According to financial services giant Deloitte, gross spending by Premier League clubs totalled around £630 million, a whopping £130m higher than the previous record of £0.5 billion, set in 2008.
On deadline day alone approximately £140m was spent, around half of which was splashed by Manchester United and Arsenal, with the latter one of the clubs to set a new high by signing Mesut Ozil for £38m plus around £5m in add-ons.
While there is no doubt that the spending is a touch top-heavy – around 37% of all the money was spent by the four clubs playing in this season’s Champions League, with another 15% or so coming from Tottenham’s coffers – the mid-table and even promoted clubs have been spending to unprecedented levels.
And what really stands out is the level of spending compared to other leagues. While the biggest transfers in world football were executed by Real Madrid, Paris Saint-Germain and Monaco, their respective leagues – and that of big-spending Napoli – could not total much more than half of the English clubs’ outlay.
Spain’s Liga and Italy’s Serie A managed £335m apiece, with France’s Ligue 1 £315m. The Bundesliga was back with £230m, although that is a special case as it has operated under its own 'financial fair play' rules for some time.
The spread of Premier League spending is also quite remarkable. Yes, the big clubs spent by far the most money, but the likes of Cardiff, Crystal Palace and Norwich also smashed their own transfer records.
Indeed, Cardiff managed to set a new bar on no less than three occasions, as Andreas Cornelius (£7.5m), Steven Caulker (£8m) and Gary Medel (£9.5m) all joined the promoted Welsh club. Spurs did the same with Erik Lamela, Roberto Soldado and Paulinho, although their outlay was expected.
Given how much money Real Madrid, PSG and Monaco spent on marquee signings Gareth Bale (£85m), Edinson Cavani (£55m) and Radamel Falcao (£51m), the comfortable gap with the Premier League total is perhaps surprising.
Some of England’s boost can be attributed to the sale of Bale, which allowed Spurs to spend over £100m, and freed up Ozil for a record-breaking move to Arsenal.
But scratch under the surface and a pattern emerges. For all of the Premier League’s harsh, capitalist practises, it is by far the most egalitarian of the above leagues. Television rights – the most consistent provider of revenue – is split equally between Premier League teams, and has been divvied up this way from the start.
Even the rich clubs like Manchester United and Arsenal support his model, which ensures a level of competitiveness that does not exist when one looks down the Liga or Serie A standings.

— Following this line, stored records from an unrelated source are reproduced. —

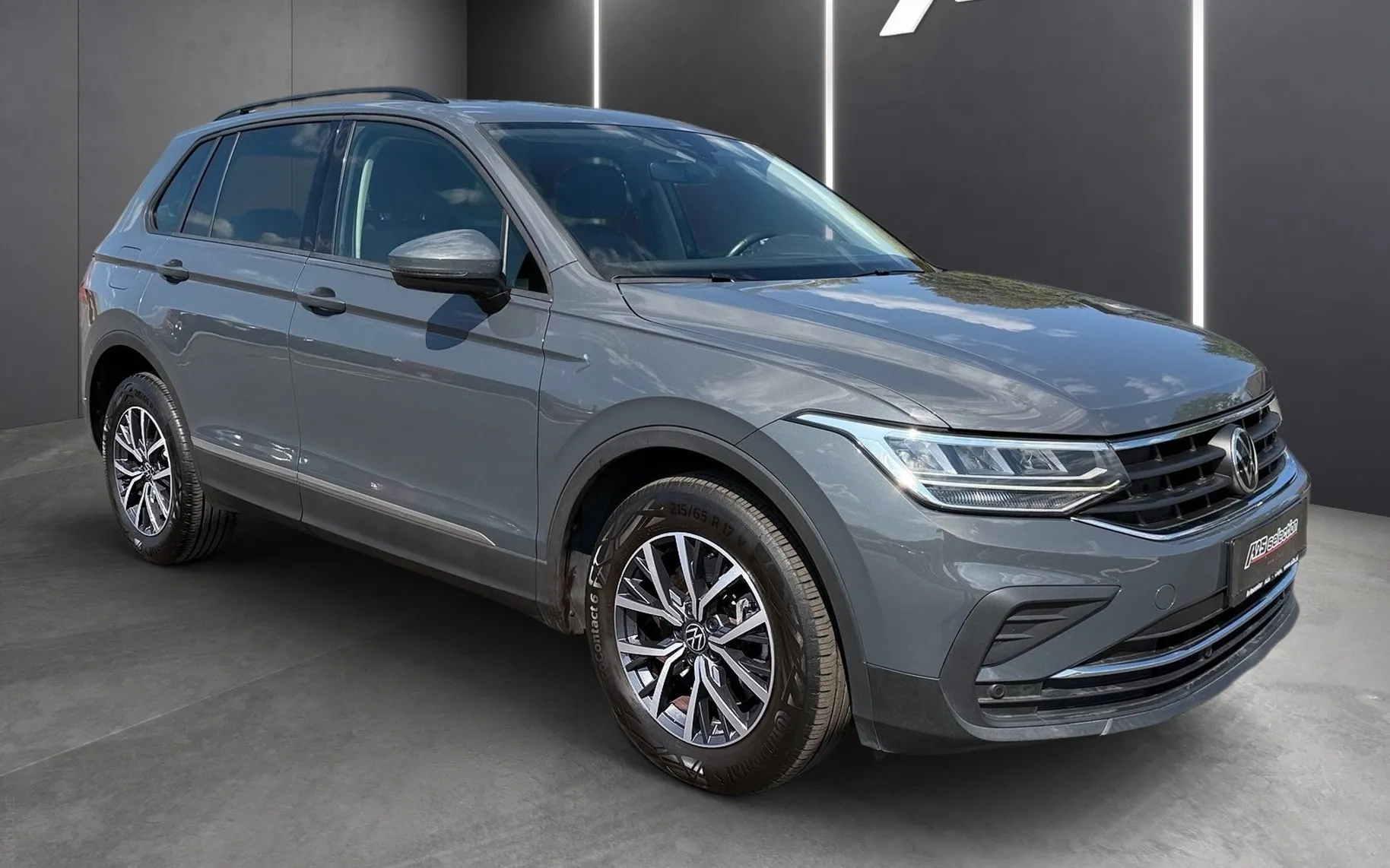 Zunanja slika - Volkswagen Tiguan - 1.4 TSI eHybrid Life DSG-LED-ACC-Mrtvi kot-Virtual - 2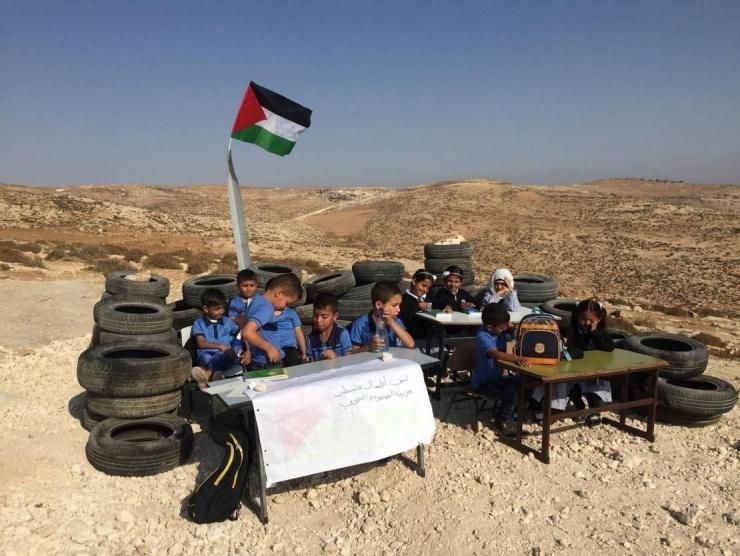 الاحتلال يحتجز مدير ومعلمي مدرسة شعب البطم بمسافر يطا جنوب الخليل
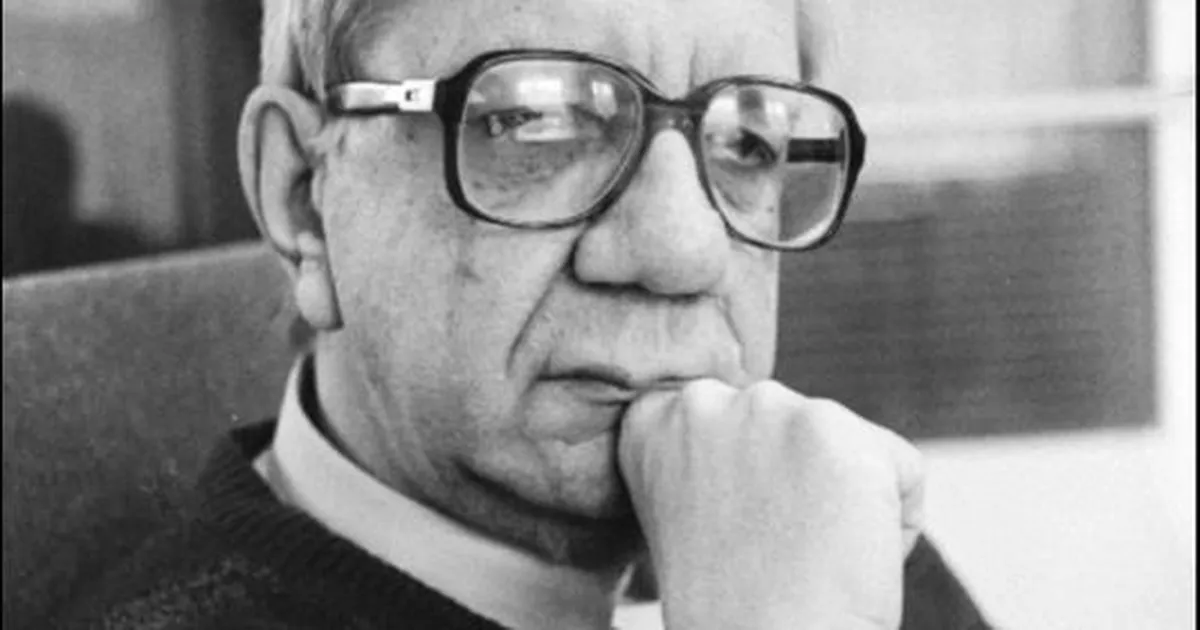 VIKTORIIN ⟩ Kas tead: mis seos on Eno Raual rahvuseeposega «Kalevipoeg»?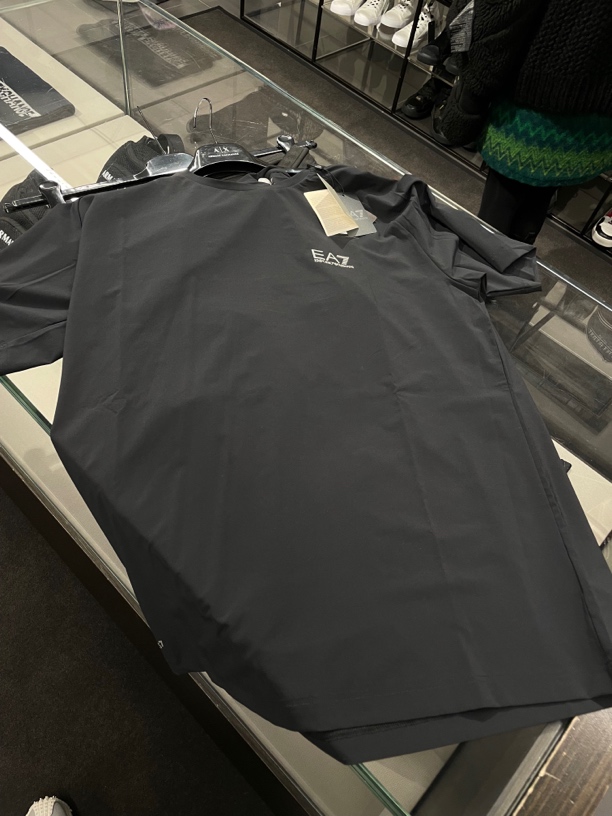 阿玛尼 Armani 黑色速干衣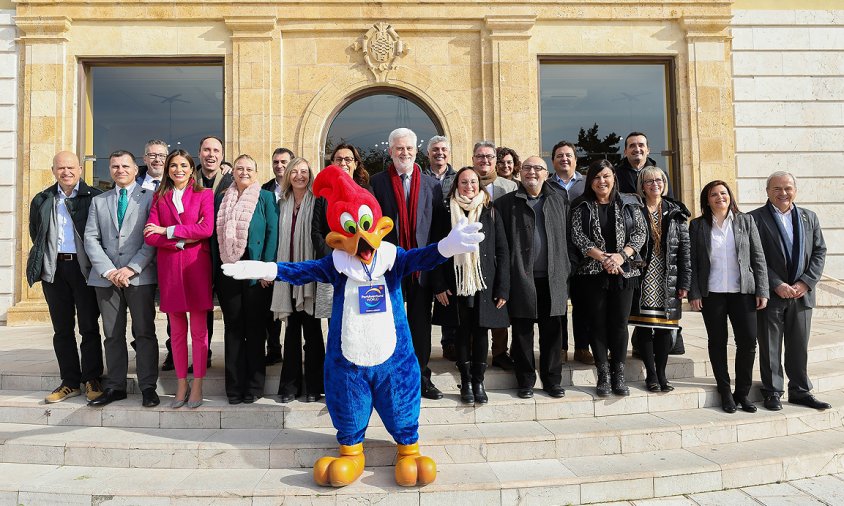 Foto conjunta de tots els participants al conveni Corner de promoció turística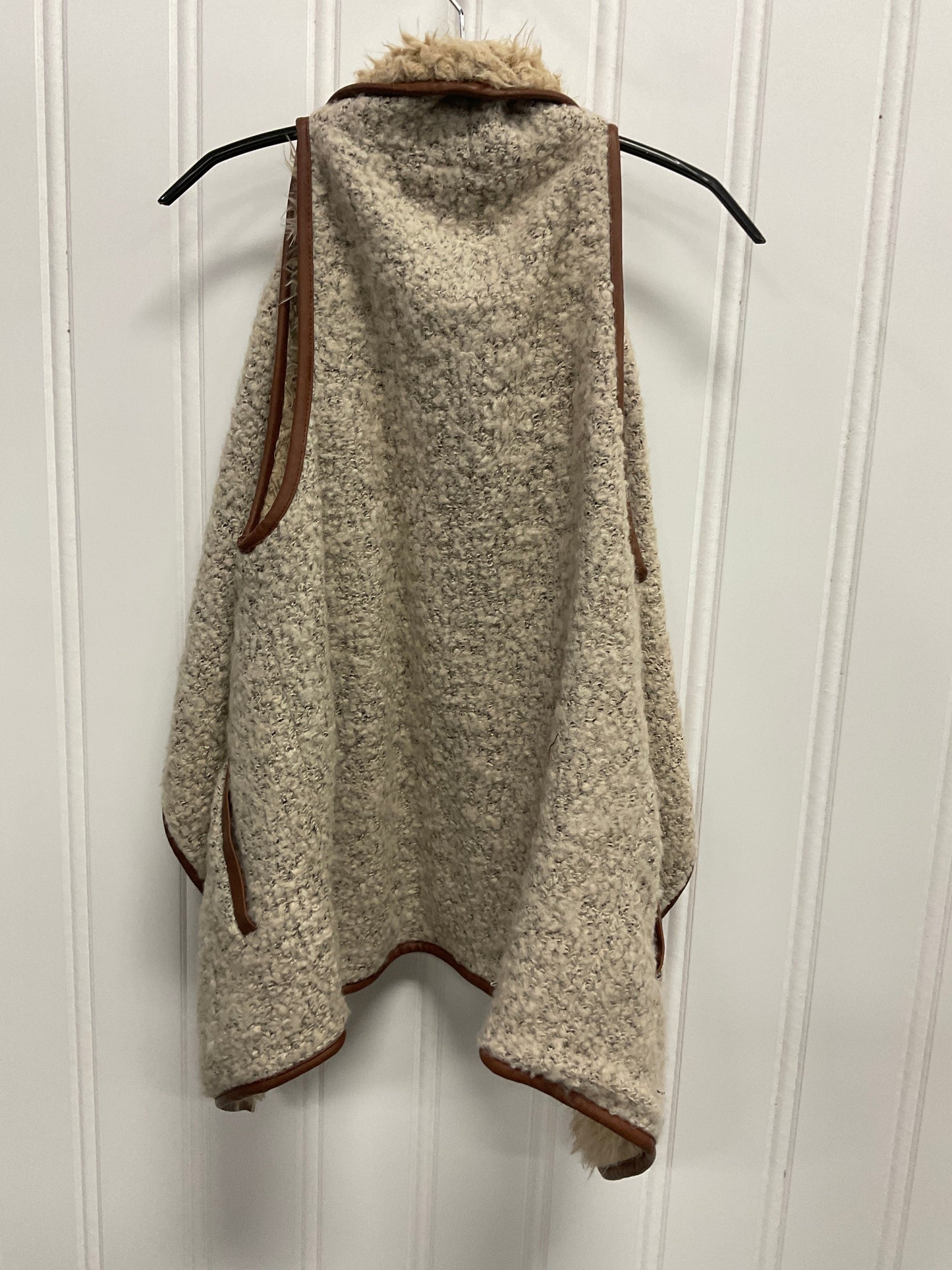 Vest Faux Fur & Sherpa By Love Tree In Cream, Size: S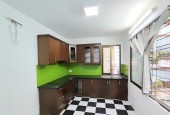 Cho thuê căn hộ tập thể ĐH Thủy Lợi, phố Chùa Bộc. 100m2 3pn, nhận nhà ngay. Giá 12 triệu/tháng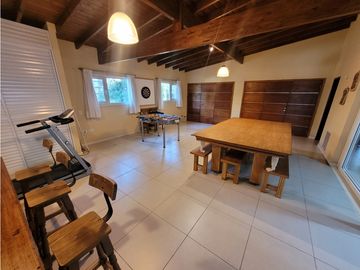 Casa en Venta - Zona lamos - Calidad de Construcción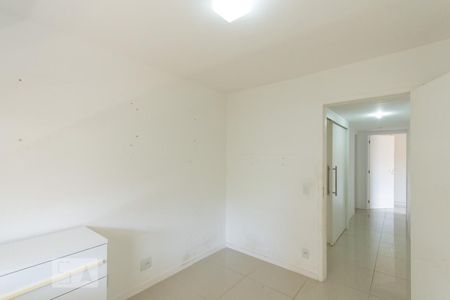 Apartamento à venda com 115m², 3 quartos e 2 vagas Apartamento à venda com 115m², 3 quartos e 2 vagasQuarto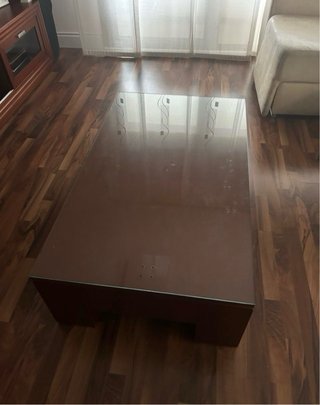 Mueble de salón de madera y mesa de centro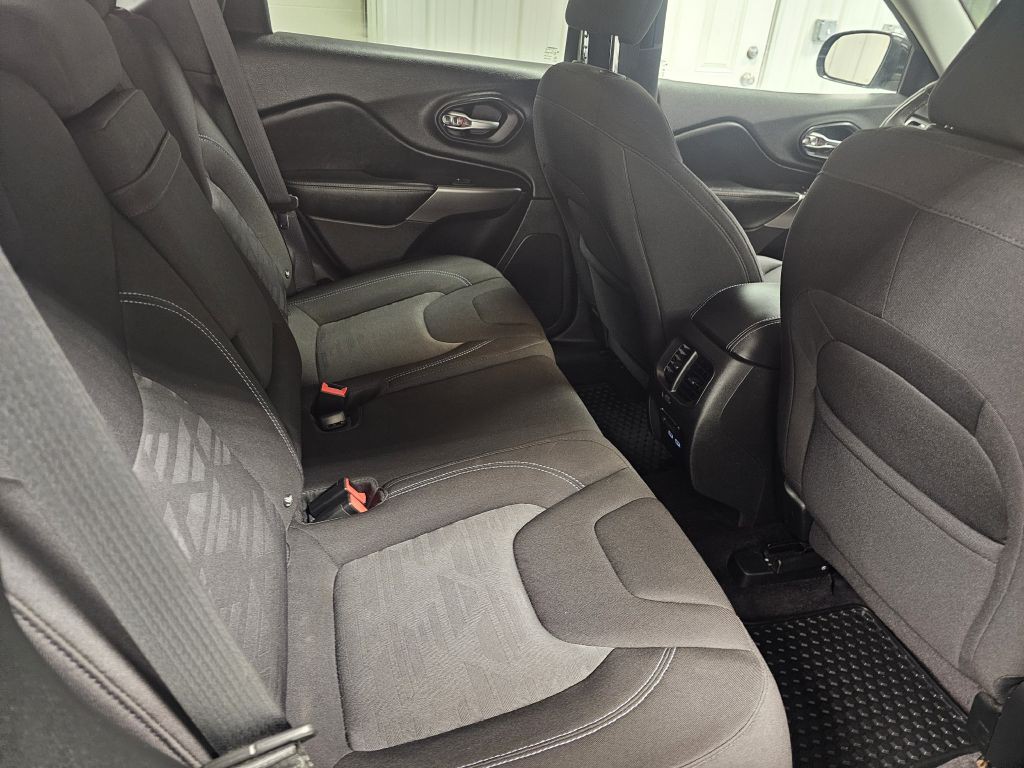 2019 Jeep Cherokee Image 14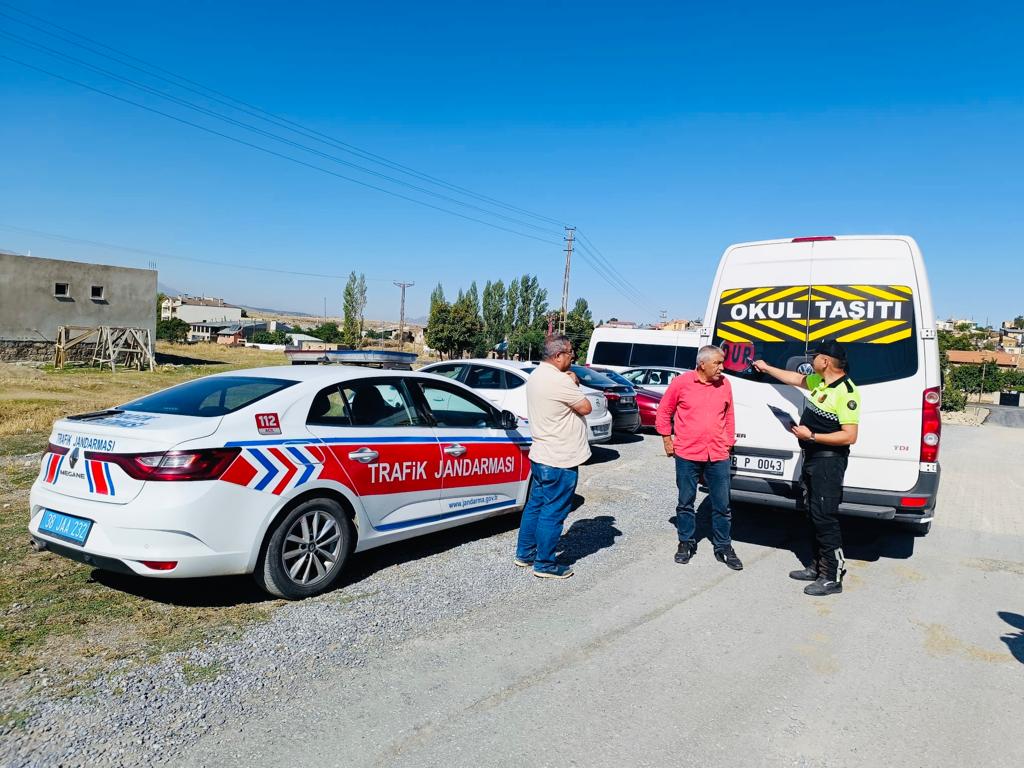 Kayseri'de Okul Servis Araçları Denetlendı 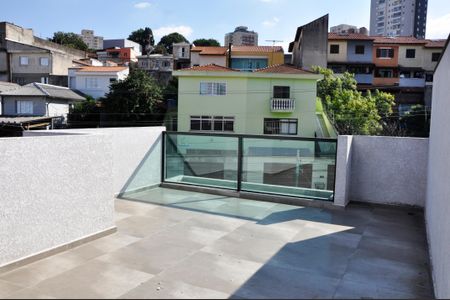 Apartamento à venda com 103m², 2 quartos e 1 vaga Apartamento à venda com 103m², 2 quartos e 1 vagaVaranda da Cozinha e Área de Serviço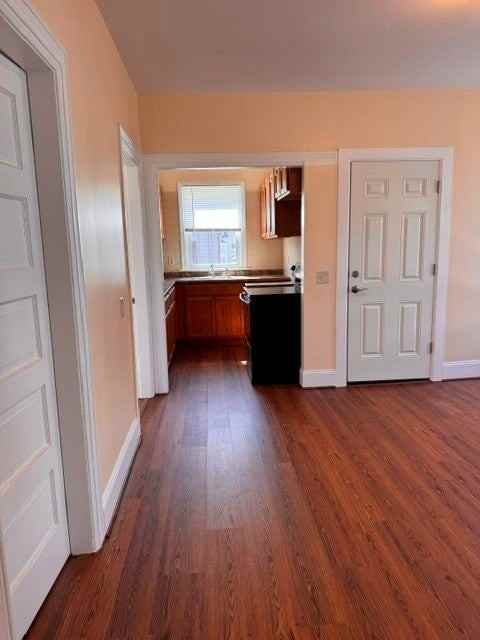 31 Potter St - Photo 2 of 38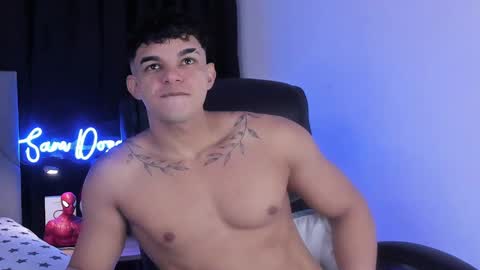 Snapshot of sam_dosantos chatting on 12/15/24, 04:18 llll sammu llll online show from 12/15/24, 04:18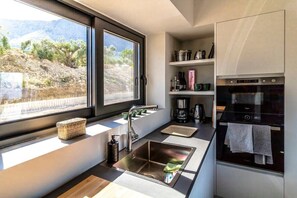 Refrigerador, microondas, horno y lavavajillas 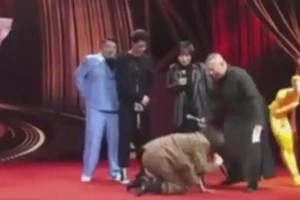 李艺彤跪郭德纲引争议：明星下跪行为是否妥当？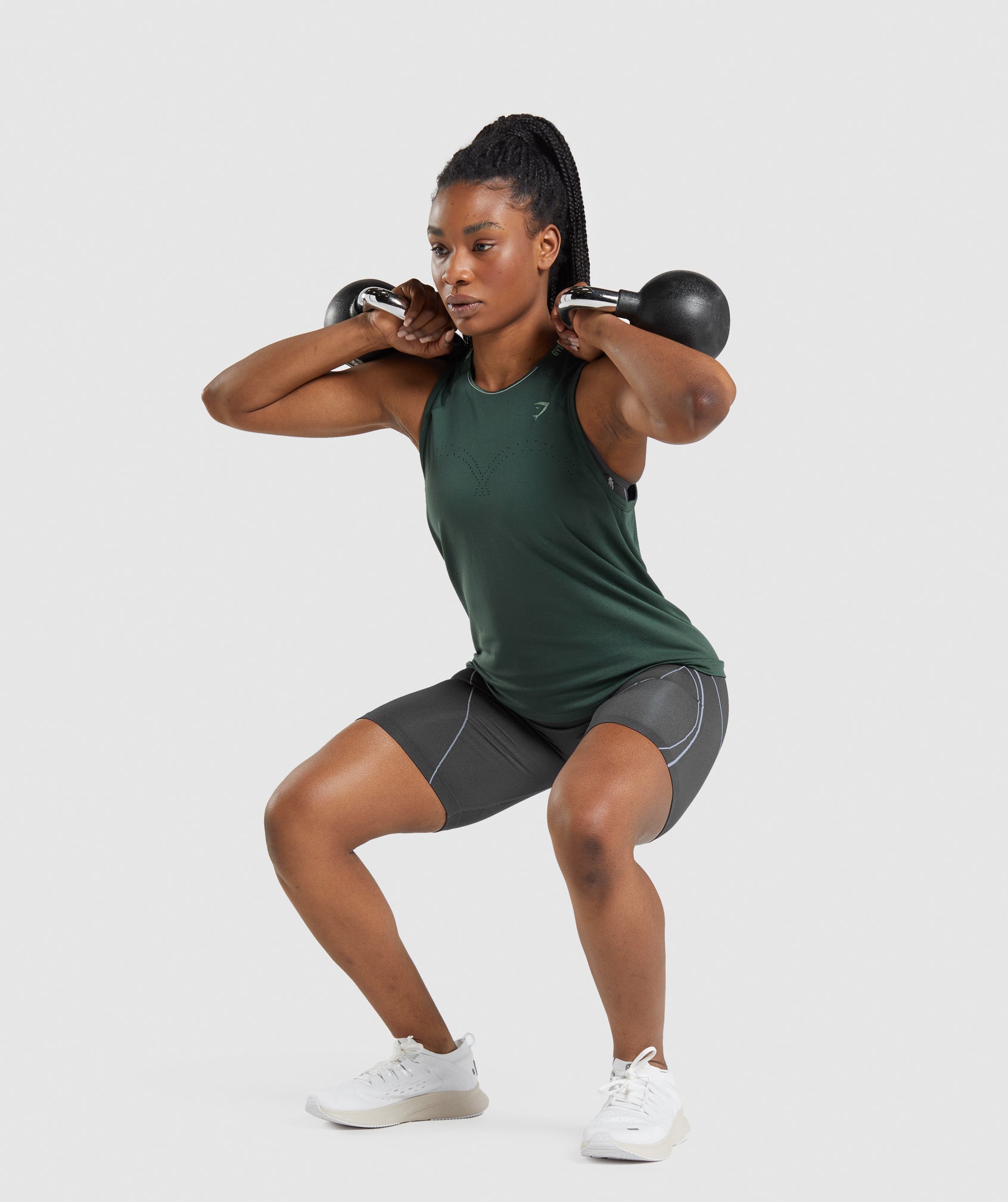 gymshark-apex-seamless-tank-obsidian-green-cucumber-green-ss22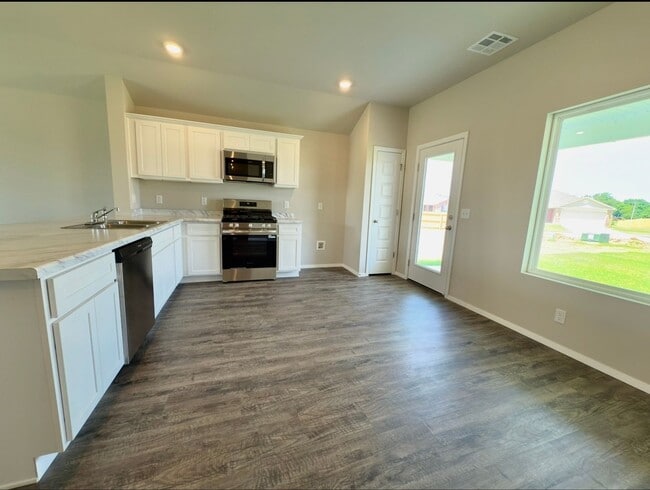 Building Photo - Newly Built 3 Bedroom House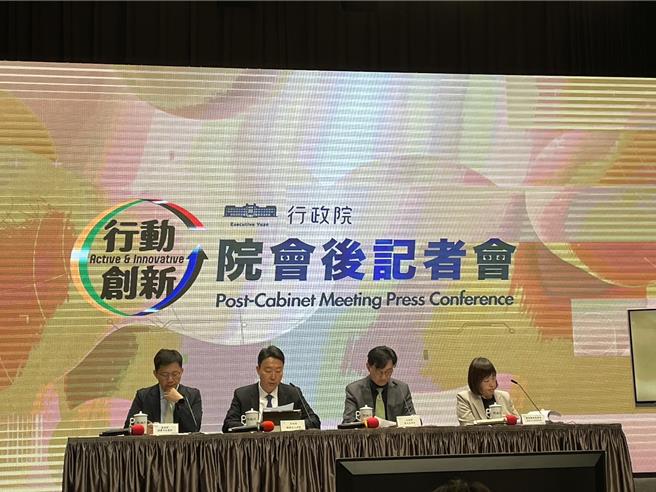 行政院发言人陈世凯承认「北部现在电力不足」，而「南电北送」或「中电北送」是现在的事实，但以全国角度来看供电足够，呼吁地方配合中央电力开发。（蔡雯如摄）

Spain is particularly unevenly balanced. Even Barcelona and Real Madrid have huge debts, which are conveniently offset by their profitability abroad, particularly in Asia. Other clubs struggle to make ends meet, with the likes of Atletico Madrid and Valencia only one poor season away from the brink. Malaga’s brief flirtation with the big-time ground to a halt as their owner lost interest, making the empty claim that UEFA's version of ‘Financial Fair Play’ was tying his hands, just as his Middle Eastern pals broke new ground in France and Manchester. Over half of Spain’s professional clubs are either in administration or operating under cost-cutting measures.
Why is the league with the world’s most successful clubs and national teams in such a state? Because its TV revenue is unevenly distributed, with clubs able to sell individual rights to the highest bidder. The Asian and American markets do not care for a competitive Liga, and even domestic TV rights are woefully lop-sided.
England’s even-handed approach to TV deals has always been a factor, but this time it’s even more pronounced, with a new global rights package and the entry of new players and media formats into the broadcast market seeing that stream of revenue double overnight.
And all this during a recession which - while analysts will have us believe is global - is less pronounced in parts of Asia, the Middle East, Latin America and even Africa. It is a combination of that shrewdness in global rights management, and cultural nuances (such as being the only major English-speaking division) which makes the Premier League the strongest overall draw for players and fans, even if the biggest individual players in the market are offshore.
Obviously that does not tell the full story. The biggest and best players will still be attracted by the prestige of Real and Barca, or the petro-dollars and lifestyle offered by PSG and Monaco. The Bundesliga doesn’t spend all that much, but it arguably develops the best players and teams, thanks to fantastic youth systems, a federation that actually has control over the national game, and a club culture based almost entirely around supporter experience.
But, only two seasons after English clubs were roundly mocked for poor performances in European competition, it appears that the death of the Premier League was greatly exaggerated.